→ ACTIVITY:
Go through the following data and transcribe exactly the stretch of lines from the one holding "Manila Grace Elegante" to the one holding "Clarks Men Escalade", both included.
-- -- --
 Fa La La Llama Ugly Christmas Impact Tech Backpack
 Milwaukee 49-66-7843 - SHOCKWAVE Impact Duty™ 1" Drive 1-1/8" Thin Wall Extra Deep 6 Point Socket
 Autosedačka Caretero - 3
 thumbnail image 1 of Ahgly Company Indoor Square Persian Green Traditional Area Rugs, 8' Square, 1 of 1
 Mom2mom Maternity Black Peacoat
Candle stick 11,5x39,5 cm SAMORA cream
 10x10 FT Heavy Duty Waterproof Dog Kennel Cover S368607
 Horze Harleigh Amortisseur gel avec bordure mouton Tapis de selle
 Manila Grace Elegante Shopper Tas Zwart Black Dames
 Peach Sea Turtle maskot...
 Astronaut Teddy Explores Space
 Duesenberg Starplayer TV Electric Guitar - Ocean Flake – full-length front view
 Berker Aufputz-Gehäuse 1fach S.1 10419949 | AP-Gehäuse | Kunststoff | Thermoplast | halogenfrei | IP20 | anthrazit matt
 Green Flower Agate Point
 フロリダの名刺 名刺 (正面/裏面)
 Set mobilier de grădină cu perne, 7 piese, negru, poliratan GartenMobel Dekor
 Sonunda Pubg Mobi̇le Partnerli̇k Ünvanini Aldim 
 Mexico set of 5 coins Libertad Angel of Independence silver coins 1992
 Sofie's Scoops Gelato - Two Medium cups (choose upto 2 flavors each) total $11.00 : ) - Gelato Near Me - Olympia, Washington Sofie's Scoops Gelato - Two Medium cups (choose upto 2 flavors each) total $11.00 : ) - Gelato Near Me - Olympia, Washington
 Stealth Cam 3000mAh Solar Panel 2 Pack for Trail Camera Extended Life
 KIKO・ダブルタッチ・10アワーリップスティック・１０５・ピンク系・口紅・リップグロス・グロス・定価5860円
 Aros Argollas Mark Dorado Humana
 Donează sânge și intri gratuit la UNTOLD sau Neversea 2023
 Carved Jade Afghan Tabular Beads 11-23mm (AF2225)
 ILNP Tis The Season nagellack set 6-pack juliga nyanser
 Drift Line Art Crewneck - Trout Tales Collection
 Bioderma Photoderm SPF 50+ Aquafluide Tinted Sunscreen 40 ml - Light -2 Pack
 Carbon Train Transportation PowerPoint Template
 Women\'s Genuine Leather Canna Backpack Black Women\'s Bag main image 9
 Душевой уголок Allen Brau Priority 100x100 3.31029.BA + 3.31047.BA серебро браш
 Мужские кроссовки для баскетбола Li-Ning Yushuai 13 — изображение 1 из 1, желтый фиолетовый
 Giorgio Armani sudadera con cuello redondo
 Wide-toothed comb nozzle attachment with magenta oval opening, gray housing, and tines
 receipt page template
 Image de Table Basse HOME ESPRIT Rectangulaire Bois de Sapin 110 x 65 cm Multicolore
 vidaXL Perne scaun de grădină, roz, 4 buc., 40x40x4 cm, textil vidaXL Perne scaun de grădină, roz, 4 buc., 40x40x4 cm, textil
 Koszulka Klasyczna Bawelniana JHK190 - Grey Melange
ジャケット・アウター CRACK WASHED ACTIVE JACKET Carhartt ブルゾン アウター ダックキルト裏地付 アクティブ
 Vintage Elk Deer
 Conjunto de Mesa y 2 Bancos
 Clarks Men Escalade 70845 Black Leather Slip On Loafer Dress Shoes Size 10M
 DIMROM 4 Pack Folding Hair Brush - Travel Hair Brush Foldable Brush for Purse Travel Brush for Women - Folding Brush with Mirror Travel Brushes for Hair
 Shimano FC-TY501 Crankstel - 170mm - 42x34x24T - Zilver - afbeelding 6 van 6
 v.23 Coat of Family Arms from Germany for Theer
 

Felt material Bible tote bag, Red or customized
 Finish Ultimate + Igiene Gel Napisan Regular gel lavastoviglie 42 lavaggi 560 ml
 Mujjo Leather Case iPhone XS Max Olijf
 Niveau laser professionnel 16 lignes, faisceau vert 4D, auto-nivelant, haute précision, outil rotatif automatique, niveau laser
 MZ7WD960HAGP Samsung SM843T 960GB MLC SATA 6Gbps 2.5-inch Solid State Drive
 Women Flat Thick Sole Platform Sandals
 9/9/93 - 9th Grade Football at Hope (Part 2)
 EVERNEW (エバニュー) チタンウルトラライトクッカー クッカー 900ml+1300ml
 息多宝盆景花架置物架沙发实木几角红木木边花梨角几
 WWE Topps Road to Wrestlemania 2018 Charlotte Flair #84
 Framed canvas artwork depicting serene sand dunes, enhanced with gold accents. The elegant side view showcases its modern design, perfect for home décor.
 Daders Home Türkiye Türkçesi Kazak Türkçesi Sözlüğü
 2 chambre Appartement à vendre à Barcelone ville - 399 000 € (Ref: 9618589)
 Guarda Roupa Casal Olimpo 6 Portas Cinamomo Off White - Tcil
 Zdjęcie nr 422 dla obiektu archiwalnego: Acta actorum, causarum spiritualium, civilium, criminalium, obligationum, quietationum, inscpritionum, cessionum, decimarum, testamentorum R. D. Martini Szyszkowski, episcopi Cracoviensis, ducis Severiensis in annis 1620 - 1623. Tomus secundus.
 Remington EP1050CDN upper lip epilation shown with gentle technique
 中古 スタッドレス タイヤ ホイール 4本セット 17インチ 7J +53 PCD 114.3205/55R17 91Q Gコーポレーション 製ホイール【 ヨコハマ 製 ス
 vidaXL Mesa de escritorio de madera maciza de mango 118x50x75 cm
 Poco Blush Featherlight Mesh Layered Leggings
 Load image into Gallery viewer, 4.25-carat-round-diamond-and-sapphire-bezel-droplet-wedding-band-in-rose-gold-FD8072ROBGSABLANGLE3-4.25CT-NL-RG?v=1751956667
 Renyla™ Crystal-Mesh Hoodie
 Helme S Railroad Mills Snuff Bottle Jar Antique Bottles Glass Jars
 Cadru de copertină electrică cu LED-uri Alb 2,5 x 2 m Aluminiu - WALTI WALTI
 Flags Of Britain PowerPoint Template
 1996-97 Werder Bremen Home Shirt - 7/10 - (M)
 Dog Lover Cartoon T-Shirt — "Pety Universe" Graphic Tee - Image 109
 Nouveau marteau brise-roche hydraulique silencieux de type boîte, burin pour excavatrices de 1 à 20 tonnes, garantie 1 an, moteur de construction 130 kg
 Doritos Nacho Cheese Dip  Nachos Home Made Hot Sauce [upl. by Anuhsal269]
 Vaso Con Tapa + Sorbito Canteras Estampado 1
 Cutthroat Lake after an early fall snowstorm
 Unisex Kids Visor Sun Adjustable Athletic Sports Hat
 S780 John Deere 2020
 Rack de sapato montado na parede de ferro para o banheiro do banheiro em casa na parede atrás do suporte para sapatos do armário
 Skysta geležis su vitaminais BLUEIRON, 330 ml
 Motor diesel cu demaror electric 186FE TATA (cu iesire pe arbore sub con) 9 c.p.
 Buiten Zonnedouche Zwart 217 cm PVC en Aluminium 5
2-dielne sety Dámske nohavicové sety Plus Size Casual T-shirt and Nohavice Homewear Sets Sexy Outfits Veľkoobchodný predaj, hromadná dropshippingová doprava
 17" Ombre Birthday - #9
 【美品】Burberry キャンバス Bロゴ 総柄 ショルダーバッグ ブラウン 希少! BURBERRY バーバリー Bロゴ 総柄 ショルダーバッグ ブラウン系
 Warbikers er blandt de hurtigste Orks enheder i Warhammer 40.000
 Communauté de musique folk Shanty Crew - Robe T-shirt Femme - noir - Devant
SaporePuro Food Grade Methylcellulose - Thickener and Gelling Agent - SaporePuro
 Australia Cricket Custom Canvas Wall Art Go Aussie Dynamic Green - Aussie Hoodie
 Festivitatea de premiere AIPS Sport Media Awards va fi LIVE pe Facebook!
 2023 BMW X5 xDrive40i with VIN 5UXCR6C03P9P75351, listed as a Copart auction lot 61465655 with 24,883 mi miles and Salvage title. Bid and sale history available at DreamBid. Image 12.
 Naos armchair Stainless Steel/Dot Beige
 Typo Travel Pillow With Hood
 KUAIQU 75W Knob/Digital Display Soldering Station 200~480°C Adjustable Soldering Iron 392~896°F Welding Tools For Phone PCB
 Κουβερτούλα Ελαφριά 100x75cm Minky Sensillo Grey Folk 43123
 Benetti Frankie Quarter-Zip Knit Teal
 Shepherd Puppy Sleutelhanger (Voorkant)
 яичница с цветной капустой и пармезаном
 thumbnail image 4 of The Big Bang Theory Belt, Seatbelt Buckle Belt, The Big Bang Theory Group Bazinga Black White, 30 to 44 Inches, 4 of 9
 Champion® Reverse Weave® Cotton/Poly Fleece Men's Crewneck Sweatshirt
-- -- --
→ SOLUTION:
 Manila Grace Elegante Shopper Tas Zwart Black Dames
 Peach Sea Turtle maskot...
 Astronaut Teddy Explores Space
 Duesenberg Starplayer TV Electric Guitar - Ocean Flake – full-length front view
 Berker Aufputz-Gehäuse 1fach S.1 10419949 | AP-Gehäuse | Kunststoff | Thermoplast | halogenfrei | IP20 | anthrazit matt
 Green Flower Agate Point
 フロリダの名刺 名刺 (正面/裏面)
 Set mobilier de grădină cu perne, 7 piese, negru, poliratan GartenMobel Dekor
 Sonunda Pubg Mobi̇le Partnerli̇k Ünvanini Aldim 
 Mexico set of 5 coins Libertad Angel of Independence silver coins 1992
 Sofie's Scoops Gelato - Two Medium cups (choose upto 2 flavors each) total $11.00 : ) - Gelato Near Me - Olympia, Washington Sofie's Scoops Gelato - Two Medium cups (choose upto 2 flavors each) total $11.00 : ) - Gelato Near Me - Olympia, Washington
 Stealth Cam 3000mAh Solar Panel 2 Pack for Trail Camera Extended Life
 KIKO・ダブルタッチ・10アワーリップスティック・１０５・ピンク系・口紅・リップグロス・グロス・定価5860円
 Aros Argollas Mark Dorado Humana
 Donează sânge și intri gratuit la UNTOLD sau Neversea 2023
 Carved Jade Afghan Tabular Beads 11-23mm (AF2225)
 ILNP Tis The Season nagellack set 6-pack juliga nyanser
 Drift Line Art Crewneck - Trout Tales Collection
 Bioderma Photoderm SPF 50+ Aquafluide Tinted Sunscreen 40 ml - Light -2 Pack
 Carbon Train Transportation PowerPoint Template
 Women\'s Genuine Leather Canna Backpack Black Women\'s Bag main image 9
 Душевой уголок Allen Brau Priority 100x100 3.31029.BA + 3.31047.BA серебро браш
 Мужские кроссовки для баскетбола Li-Ning Yushuai 13 — изображение 1 из 1, желтый фиолетовый
 Giorgio Armani sudadera con cuello redondo
 Wide-toothed comb nozzle attachment with magenta oval opening, gray housing, and tines
 receipt page template
 Image de Table Basse HOME ESPRIT Rectangulaire Bois de Sapin 110 x 65 cm Multicolore
 vidaXL Perne scaun de grădină, roz, 4 buc., 40x40x4 cm, textil vidaXL Perne scaun de grădină, roz, 4 buc., 40x40x4 cm, textil
 Koszulka Klasyczna Bawelniana JHK190 - Grey Melange
ジャケット・アウター CRACK WASHED ACTIVE JACKET Carhartt ブルゾン アウター ダックキルト裏地付 アクティブ
 Vintage Elk Deer
 Conjunto de Mesa y 2 Bancos
 Clarks Men Escalade 70845 Black Leather Slip On Loafer Dress Shoes Size 10M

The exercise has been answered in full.